2. Quantitative Expressions of Category Separation

This step uses mathematical measures to check if classes are well-separated in spectral space.

✔ Why it matters

Classification accuracy depends on how distinct one class is from another.
If training classes overlap too much, classification errors will occur.

✔ Common quantitative measures

  • Transformed Divergence (TD)

  • Jeffries–Matusita Distance (JM)

  • Bhattacharyya Distance (BD)

✔ What these values indicate

  • Values close to 2.0 (JM scale) → excellent class separability

  • Values close to 0.0 → poor separability; classes overlap

  • Helps decide whether to:

    • combine classes

    • redefine training samples

    • collect more samples

    • split a mixed class

✔ Key terminology

  • Separability index

  • Statistical distance

  • Cluster separation

  • Spectral overlap

3. Self-Classification of the Training Data Set

✔ Concept

Before performing classification on the full image, the classifier is run only on the training pixels themselves.

✔ Purpose

  • To check if the algorithm correctly "recognizes" the classes it was trained on.

  • If the classifier mislabels the training samples, the training data need to be corrected.

✔ What it reveals

  • Misclassified pixels → inaccurate training sets

  • Mixed or overlapping classes

  • Inconsistencies in attribute statistics (means, variances)

  • Too much variability within a class

✔ Key terminology

  • Internal accuracy check

  • Confusion among training classes

  • Spectral homogeneity

4. Interactive Preliminary Classification

✔ What it is

A rough or temporary classification is generated on the image using preliminary training samples.

✔ Purpose

  • To visually inspect how the training data behave when applied to the entire image

  • To refine training sites

  • To identify new sub-classes or remove misidentified ones

✔ What the analyst checks

  • Are water bodies correctly classified?

  • Are vegetation areas split properly (forest vs cropland)?

  • Are built-up areas being confused with dry soil?

✔ Why "interactive"?

The analyst reviews the output and actively adjusts:

  • training polygons

  • class definitions

  • band combinations

  • class separability

✔ Key terminology

  • Pre-classification map

  • Trial classification

  • Interactive refinement

5. Representative Subscene Classification

✔ Concept

Instead of classifying the whole image, a small but representative subscene is used.

A subscene:

  • contains all major land-cover types

  • captures geographic and spectral variability

  • is easier to evaluate and test

✔ Purpose

  • To test classifier performance on a manageable area

  • To refine spectral signatures before final classification

  • To avoid wasting processing time on the full image if training data are weak

✔ What it helps detect

  • Class confusion in specific regions

  • Spectral variability across the scene

  • Need for more training samples

  • Problems with similar classes (e.g., shallow water vs wet soil)

✔ Key terminology

  • Subscene

  • Training refinement

  • Pilot classification

  • Signature validation


Assembling training data for supervised image classification involves:

  1. Graphical representation of spectral response patterns – using spectral curves, histograms, and scatter plots to visualize class behavior.

  2. Quantitative expressions of category separation – using statistical measures (JM, TD, BD) to evaluate how distinct classes are.

  3. Self-classification of training data – testing if the classifier correctly labels its own training samples.

  4. Interactive preliminary classification – producing a trial classification to visually refine training sites.

  5. Representative subscene classification – testing the classifier on a smaller, diverse image subset to check accuracy and refine signatures.


Comments

Popular posts from this blog

Supervised Classification

Image Classification in Remote Sensing Image classification in remote sensing involves categorizing pixels in an image into thematic classes to produce a map.
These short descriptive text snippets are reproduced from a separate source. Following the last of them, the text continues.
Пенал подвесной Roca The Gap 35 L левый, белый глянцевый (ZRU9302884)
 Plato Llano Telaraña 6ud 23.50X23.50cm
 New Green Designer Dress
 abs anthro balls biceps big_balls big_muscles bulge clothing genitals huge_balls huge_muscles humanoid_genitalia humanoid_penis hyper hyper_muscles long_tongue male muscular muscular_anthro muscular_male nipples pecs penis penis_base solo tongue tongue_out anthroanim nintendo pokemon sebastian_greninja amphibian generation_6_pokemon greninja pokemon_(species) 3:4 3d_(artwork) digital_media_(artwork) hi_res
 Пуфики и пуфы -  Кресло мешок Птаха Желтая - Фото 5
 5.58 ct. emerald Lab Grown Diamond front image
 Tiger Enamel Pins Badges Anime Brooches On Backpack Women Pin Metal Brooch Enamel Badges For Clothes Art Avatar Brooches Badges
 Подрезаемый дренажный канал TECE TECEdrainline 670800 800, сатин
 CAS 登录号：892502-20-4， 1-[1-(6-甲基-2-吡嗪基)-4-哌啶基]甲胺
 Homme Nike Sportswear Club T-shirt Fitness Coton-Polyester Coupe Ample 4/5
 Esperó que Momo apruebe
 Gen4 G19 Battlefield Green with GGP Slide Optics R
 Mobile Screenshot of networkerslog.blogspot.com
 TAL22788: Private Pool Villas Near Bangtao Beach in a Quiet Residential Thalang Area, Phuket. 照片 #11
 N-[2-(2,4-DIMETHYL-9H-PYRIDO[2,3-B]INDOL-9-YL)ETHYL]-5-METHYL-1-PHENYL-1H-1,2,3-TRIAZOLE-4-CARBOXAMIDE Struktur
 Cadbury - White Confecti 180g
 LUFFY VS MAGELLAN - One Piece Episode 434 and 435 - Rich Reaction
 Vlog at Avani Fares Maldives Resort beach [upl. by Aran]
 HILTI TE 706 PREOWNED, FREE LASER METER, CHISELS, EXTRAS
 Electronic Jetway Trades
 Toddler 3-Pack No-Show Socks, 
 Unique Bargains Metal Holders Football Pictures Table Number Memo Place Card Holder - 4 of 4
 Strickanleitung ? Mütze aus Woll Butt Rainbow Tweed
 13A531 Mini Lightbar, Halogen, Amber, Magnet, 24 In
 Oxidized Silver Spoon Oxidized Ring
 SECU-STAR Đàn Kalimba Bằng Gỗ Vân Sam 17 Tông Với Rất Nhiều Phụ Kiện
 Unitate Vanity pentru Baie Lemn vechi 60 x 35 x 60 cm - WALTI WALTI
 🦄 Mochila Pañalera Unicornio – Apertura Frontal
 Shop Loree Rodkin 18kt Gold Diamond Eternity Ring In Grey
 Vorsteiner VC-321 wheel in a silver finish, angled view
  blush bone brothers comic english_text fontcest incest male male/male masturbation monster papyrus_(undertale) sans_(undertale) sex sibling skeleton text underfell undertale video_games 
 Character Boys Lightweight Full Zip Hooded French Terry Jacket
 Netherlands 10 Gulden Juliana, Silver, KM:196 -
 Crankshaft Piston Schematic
This process is essential for land use and land cover mapping, environmental studies, and resource management. The two primary methods for classification are Supervised and Unsupervised Classification . Here's a breakdown of these methods and the key stages of image classification. 1. Types of Classification Supervised Classification In supervised classification, the analyst manually defines classes of interest (known as information classes ), such as "water," "urban," or "vegetation," and identifies training areas —sections of the image that are representative of these classes. Using these training areas, the algorithm learns the spectral characteristics of each class and applies them to classify the entire image. When to Use Supervised Classification:   - You have prior knowledge about the c...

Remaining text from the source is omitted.